I don’t want to give up blogging, twittering or going to blog events. But I do need to turn them off more than I do. Some people are good at social media, some are not. I fall in the latter category. I feel like I’m no longer blogging for the reasons I used to. That I’m not having fun with it because I feel like I need to fit a certain mold in order to get readers. My last blog exploded because I just was myself and while I’m having a hard time dealing with the fact that this blog is no where near, and may never be, as popular as my last blog, I need to just be myself.

I’m not an inspirational blogger. I love reading those who are and while I go through spurts where I’m inspired myself and write about it, I will never be that person who constantly has something wise to say. I’m not a travel blogger, but I sure as hell would love to be. I have so many stories to tell, so many new trips I’m planning, but I’m not a travel blogger. I’m not a humor blogger. Sure, I try to be funny and reading over my old blog’s archives I had a few good laughs over fights with cockroaches and how friggin DRAMATIC I can be, but I’m not a comedian. I’m not a career blogger. I won’t even try to be.

I started blogging in 2007. I am proud as hell to have been a part of the beginning of something that became so huge, to be one of the first people who joined. I’m proud as hell that my last blog was as popular as it was, that I was able to reach all those people. But I did it without it taking over my life and right now, I feel like the online world has taken over.

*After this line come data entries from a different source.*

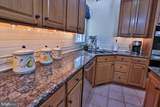 13608 General Slocum Court - Photo 21
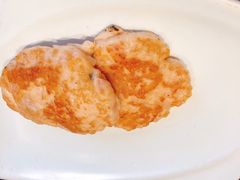 -映像威海·海鲜味道(市区店)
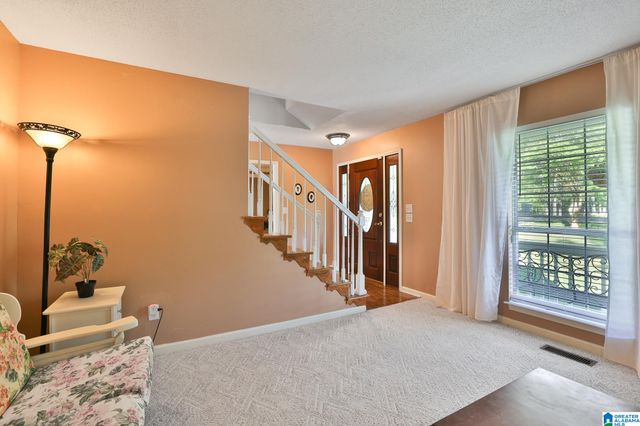 5306 LEE ROAD, Pell City, AL 35128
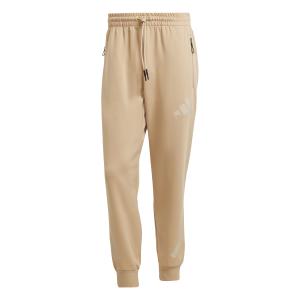 jw4725-pantalon-de-chandal-adidas-z-n-e-warsan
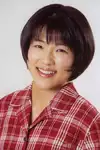 Tomoko Kotani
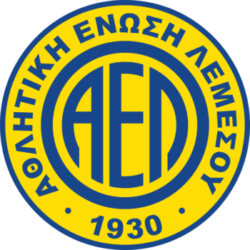 AEL_Limassol_logo.svg e1728725496486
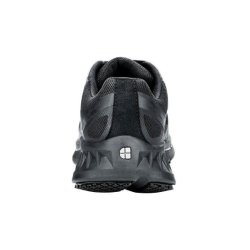 Yrkessko SFC Endurance 49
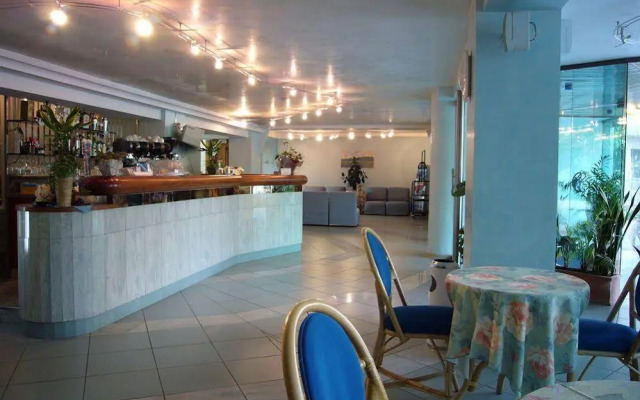 Bellariva Feeling Hotel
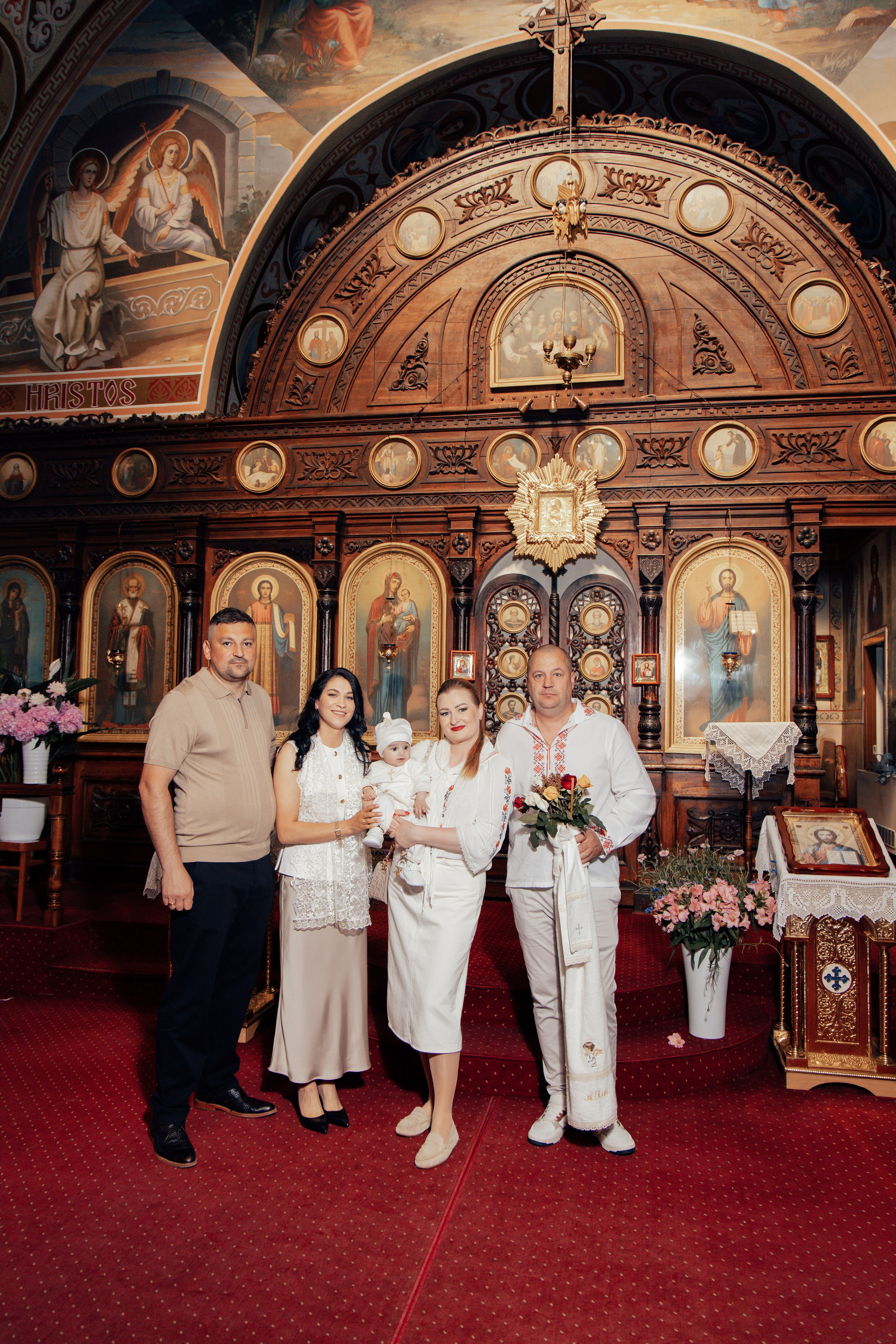 Alina. Свадебный Фотограф, Детский и семейый Фотограф Молдова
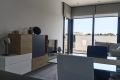 Vente - Appartement - Orihuela Costa - Villamartin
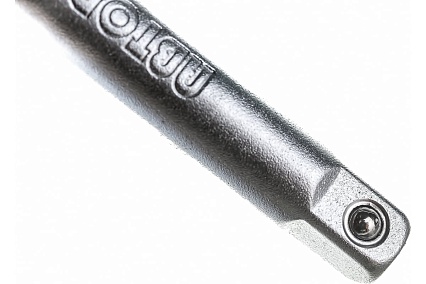 Рукоятка-удлинитель 1/4, L=150mm Автоdело 39741 14628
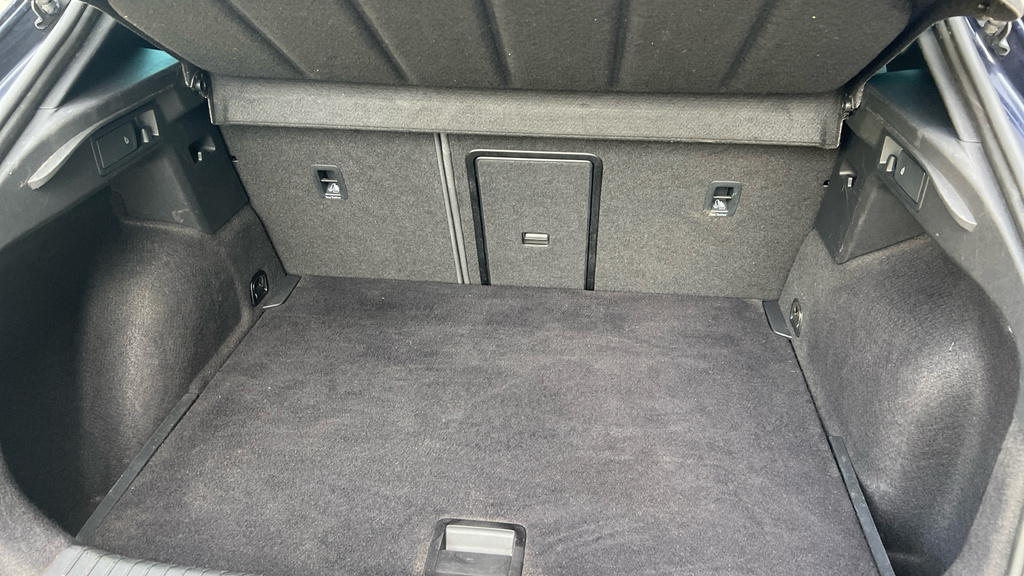 Cupra Formentor Grey #15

I love that my friends are passionate about what they do, that they love social media as much as they do. It’s awesome being surrounded by motivated, ambitious people. I want to be a social media person, but I’m not. I’m a fucking interior designer and THAT is what I love. THAT is my passion. I’m good at it because of that exact reason. My friends are great at social media because that is their passion, that is what they excel at. I love colors, furniture and well designed spaces. People who are as geeky about good design as I am. I’m lucky enough to be dating someone who gets as excited over design as I do, who makes cutting boards that make me drool (I’m not even joking when I say I gasped when I saw his stuff), who gets it.

For now, I will be uninstalling Tweetdeck from my computer so I’m not constantly connected. I will be blogging when I feel like I have something I want to write about, and I’m also going to become more open as well. I tried not being too personal on this blog, like I was on the last, but really? That’s what this blog is about. ME. If it’s not personal, what is it??

For now, I’m going to try shutting off my computer more often, try disconnecting more and engaging with real life situations more often. I’m going to try this little thing called finding my balance.

How do you find your balance in the online jungle that we’re all a part of?